When it passed the law that raised Ontario’s minimum wage, the government of Premier Kathleen Wynne also talked about introducing “equal pay for equal work” for part-time, temporary and casual employees. Those workers who are doing “substantially the same work” as full-time, permanent employees, would be guaranteed the same rate of pay, the government said.
But one change established by the so-called Fair Workplaces, Better Jobs Act, which came into effect Jan. 1, is resulting in significant pay disparities among temporary workers.
Under the new rules, public holiday pay is equal to an employee’s average daily earnings, rather than being tied to the number of hours worked.
This means, for example, that someone working a full shift once a week at $100 per day would receive $100 in public holiday pay for one day. However, someone working two half-day shifts per week at $50 per day would only receive $50 for the same holiday break.
“It makes no sense whatsoever,” said Steve Long, president of musical instruments store chain Long and McQuade.
“One of the last things you want to do as an employer is to have to explain policies to staff that make no sense,” he added.

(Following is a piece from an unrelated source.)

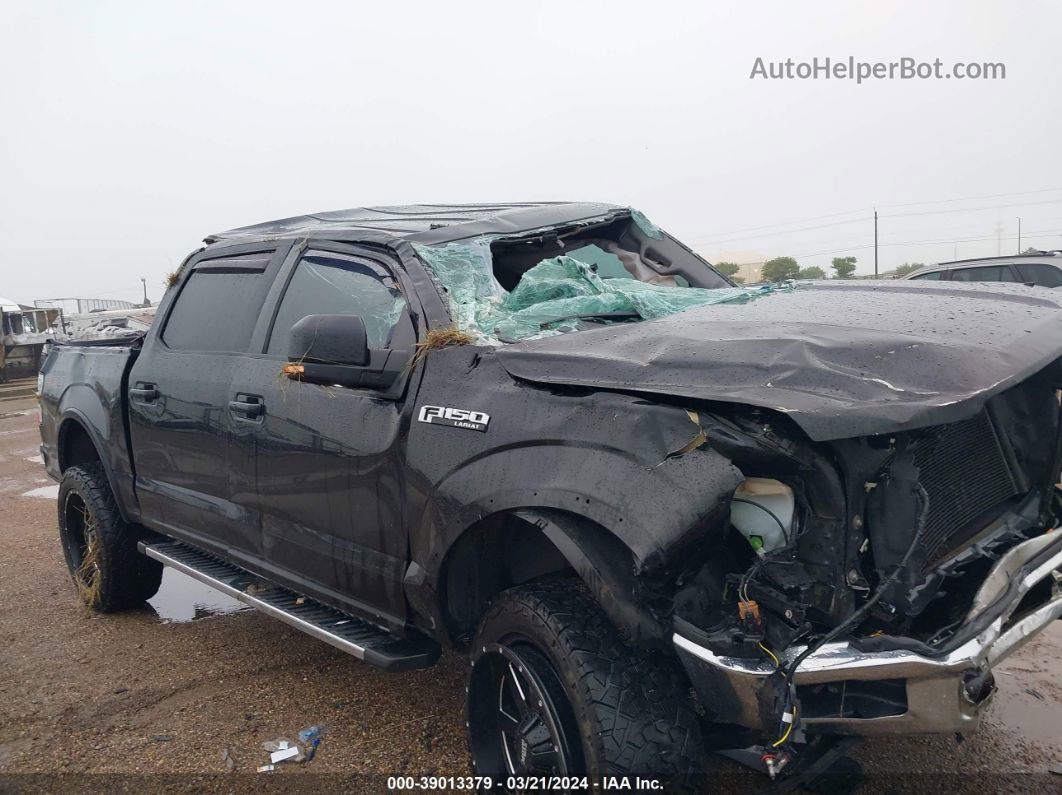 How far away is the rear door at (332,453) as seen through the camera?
9.52ft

Asked to comment on the holiday pay premium that the new rules seem to bestow on part-time workers covering longer shifts over fewer days, the Ontario Ministry of Labour noted that changes to the compensation formula were made “based on public input.”
Still, the new rules are far from straightforward, once all variables are taken into consideration, according to the Canadian Payroll Association (CPA).

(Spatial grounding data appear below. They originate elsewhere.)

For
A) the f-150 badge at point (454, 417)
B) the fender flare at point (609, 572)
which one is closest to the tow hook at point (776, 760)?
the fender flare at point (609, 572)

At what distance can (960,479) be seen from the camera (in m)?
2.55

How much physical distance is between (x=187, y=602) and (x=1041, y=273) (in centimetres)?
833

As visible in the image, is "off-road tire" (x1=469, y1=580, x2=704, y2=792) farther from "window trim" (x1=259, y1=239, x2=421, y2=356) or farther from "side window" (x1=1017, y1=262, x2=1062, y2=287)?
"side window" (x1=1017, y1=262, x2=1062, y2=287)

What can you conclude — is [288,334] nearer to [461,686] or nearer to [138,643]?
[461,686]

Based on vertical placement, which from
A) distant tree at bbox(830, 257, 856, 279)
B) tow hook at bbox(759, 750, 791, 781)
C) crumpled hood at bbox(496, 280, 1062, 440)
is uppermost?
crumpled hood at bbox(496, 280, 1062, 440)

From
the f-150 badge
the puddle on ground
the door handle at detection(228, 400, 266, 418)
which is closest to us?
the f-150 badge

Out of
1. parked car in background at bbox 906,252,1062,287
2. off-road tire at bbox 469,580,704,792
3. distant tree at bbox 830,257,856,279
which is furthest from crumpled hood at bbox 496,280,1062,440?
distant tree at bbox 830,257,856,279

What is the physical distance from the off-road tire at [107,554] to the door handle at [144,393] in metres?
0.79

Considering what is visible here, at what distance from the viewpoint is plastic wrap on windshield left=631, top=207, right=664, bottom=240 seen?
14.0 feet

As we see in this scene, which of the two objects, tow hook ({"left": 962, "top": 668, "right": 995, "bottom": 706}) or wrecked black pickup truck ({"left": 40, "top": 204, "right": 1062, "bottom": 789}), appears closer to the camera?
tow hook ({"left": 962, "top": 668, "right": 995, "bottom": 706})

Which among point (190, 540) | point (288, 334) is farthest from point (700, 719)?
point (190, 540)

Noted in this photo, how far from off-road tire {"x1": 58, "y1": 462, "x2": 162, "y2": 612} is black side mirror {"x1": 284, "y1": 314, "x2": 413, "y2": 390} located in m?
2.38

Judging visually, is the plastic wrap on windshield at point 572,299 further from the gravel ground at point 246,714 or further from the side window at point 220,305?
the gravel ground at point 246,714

New rules contribute to raising the cost of hiring part-time staff in general
Dan Rishworth, owner of sports retailer Enduro Sport, worries about the cost of hiring part-time staff.
The new statutory holiday pay regulations, along with the minimum-wage hike and other recent changes to worker compensation, are directing financial resources toward part-time employees rather than “the full-time staff who are heads of households,” said Rishworth.

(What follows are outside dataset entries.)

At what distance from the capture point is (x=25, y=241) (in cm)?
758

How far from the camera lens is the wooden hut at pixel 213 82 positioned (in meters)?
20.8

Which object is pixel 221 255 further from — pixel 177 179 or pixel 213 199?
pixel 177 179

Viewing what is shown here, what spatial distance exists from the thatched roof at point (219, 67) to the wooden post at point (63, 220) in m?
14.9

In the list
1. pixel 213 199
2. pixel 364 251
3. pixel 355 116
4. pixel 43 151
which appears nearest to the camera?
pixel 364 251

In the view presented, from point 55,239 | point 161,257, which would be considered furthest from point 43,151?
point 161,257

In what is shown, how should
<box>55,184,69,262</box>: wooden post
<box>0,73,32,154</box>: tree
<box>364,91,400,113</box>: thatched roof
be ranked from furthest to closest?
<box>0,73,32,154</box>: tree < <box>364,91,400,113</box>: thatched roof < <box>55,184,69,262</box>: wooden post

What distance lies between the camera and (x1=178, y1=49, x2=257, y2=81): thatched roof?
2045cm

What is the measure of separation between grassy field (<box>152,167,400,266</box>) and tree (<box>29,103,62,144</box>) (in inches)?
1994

The Ministry of Labour told Global News that half of the workers in Ontario earning less than $15 an hour before Jan. 1 were between the ages of 25 and 64, while the share of part-time workers stands at 20 per cent.
“This represents millions of people, many of them working multiple jobs supporting a family on a wage that just doesn’t go far enough,” the ministry said in a statement.
Still, the new $14-an-hour minimum wage, along with the revised holiday pay formula, make it considerably more expensive for businesses to hire part-time workers. The cost increase is roughly between 25 per cent for a minimum wage part-time employee working four eight-hour days per week and 45 per cent for a minimum-wage employee working only one eight-hour shift per week, according to simplified calculations provided to Global News by an Ontario small business owner and reviewed by a payroll professional.
Most small business owners Global News spoke with said the changes create an incentive to hire a smaller number of temporary staff working several shifts per week rather than a larger number of workers covering only one or two shifts per pay period.